Most recent studies have focused on peri-, intra-, and postoperative acute pain control, and there is limited evidence regarding the optimal management of chronic pain after TKA [13–16]. In these limited studies, comprehensive and multidisciplinary approaches and patient-specific treatment modalities were recommended for CPSP [17]. Major treatment modalities for CPSP include medical treatment, physical therapy, pulsed radiofrequency, dry needling, and acupuncture. However, the success rate is low in some of these treatment modalities; scientific evidence is lacking for others [18,19].

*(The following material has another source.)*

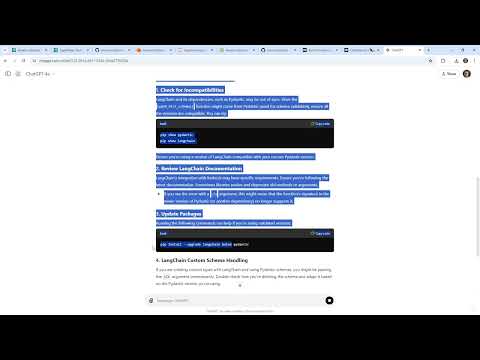 Text Generation with Amazon Bedrock - AWS AI Practitioner AIF-C01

Perineural injection therapy (PIT) is a novel restorative injection treatment, refined by Lyftogt [20] for the management of persistent and recurrent pain. In this treatment, 5% buffered dextrose is used near nerve injections to restore nerve function and movement. PIT targets peptidergic small fibers with transient receptor potential vanilloid 1 (TRPV1) expression in the skin and fascial tissues [21]. Voltage gating of TRPV1 stimulates release of proinflammatory neuropeptides calcitonin gene related peptide (CGRP) and substance P (SP) responsible for neurogenic inflammation, resulting in swelling and pain of the nerve trunk [22,23].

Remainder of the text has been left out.